Legt anschließend das Kind so an, dass sein Unterkiefer in Richtung der Verhärtung zeigt. Sitzt die gestaute Milch beispielsweise oberhalb der Brustwarze, legt euer Kind liegend an, wie im Bild gezeigt. Achtet darauf, dass der gesamte Körper des Kindes seitlich liegt und es nicht nur den Kopf zur Brust dreht.

Tipp: Legt eurem Kind ein Kissen oder Handtuch in den Rücken, damit es nicht wieder auf den Rücken rollt.

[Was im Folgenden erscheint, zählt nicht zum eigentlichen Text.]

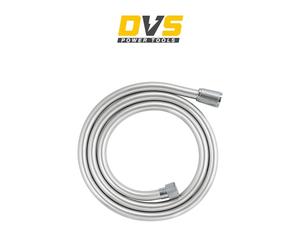 Grohe 28364000/28364001 Silverflex Shower Hose 1.5m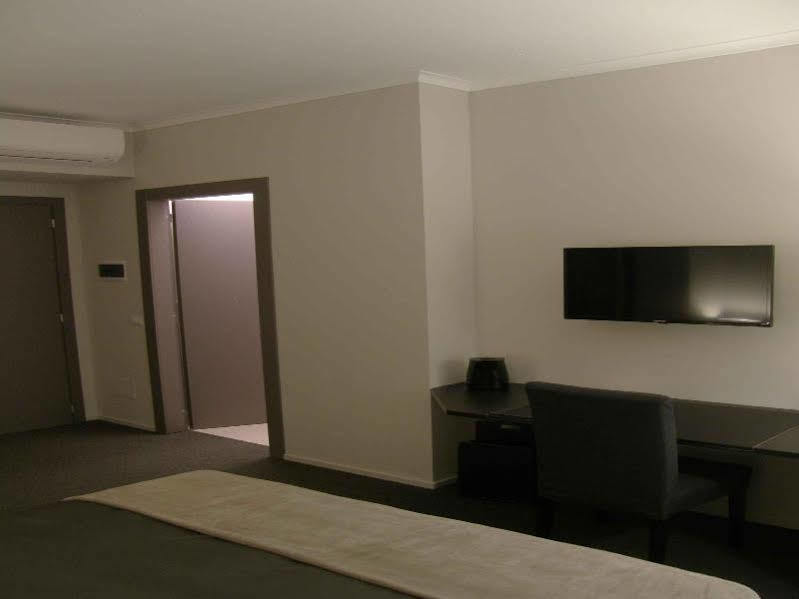 Zuretti 61 Bed and Breakfast Milano Eksteriør billede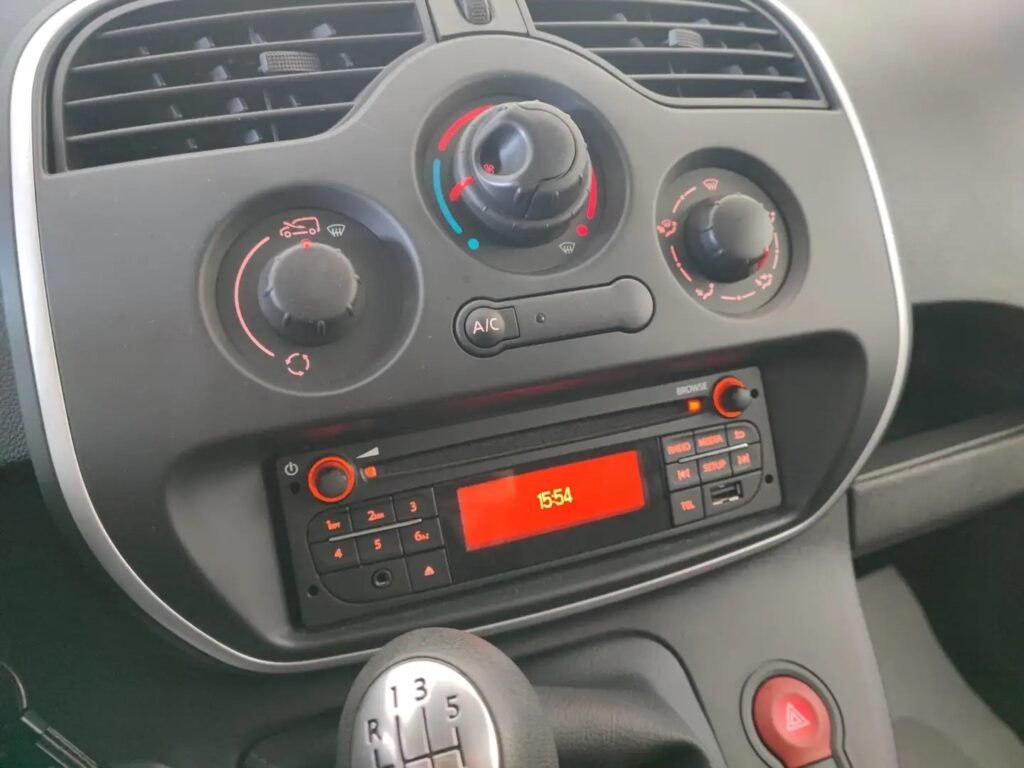 14 NV250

Stillposition 5: Die Football-Haltung

Sitzt die Verhärtung an der Außenseite der Brust oder habt ihr das Gefühl, dass sich da besonders viel Milch befindet, legt euer Kind in die Football-Haltung. Sein Körper liegt also unter eurem Arm, seine Füße zeigen in Richtung eures Rückens, sein Köpfchen liegt in eurer Hand. Stützt euch und das Kind mithilfe eines Kissens oder Stillkissens ab.

Stillposition 6: Der Vierfüßlerstand

Eine Stillposition, mit welcher ihr Verhärtungen in der Brust an egal welcher Stelle 'wegtrinken' lassen könnt, ist der Vierfüßlerstand. Es klingt vielleicht komisch, sich über sein Kind zu beugen, wer aber schon einmal einen echten Milchstau hatte, ist für jede Stillposition dankbar, die Erleichterung bringt.

Nach dem Stillen solltet ihr kontrollieren, ob sich der Stau gelöst hat. Außerdem solltet ihr weitere überflüssige Milch ausstreichen oder Abpumpen (Vorsicht, Milch abpumpen regt die Milchbildung an) und die Brust anschließend mit einem Quarkwickel kühlen.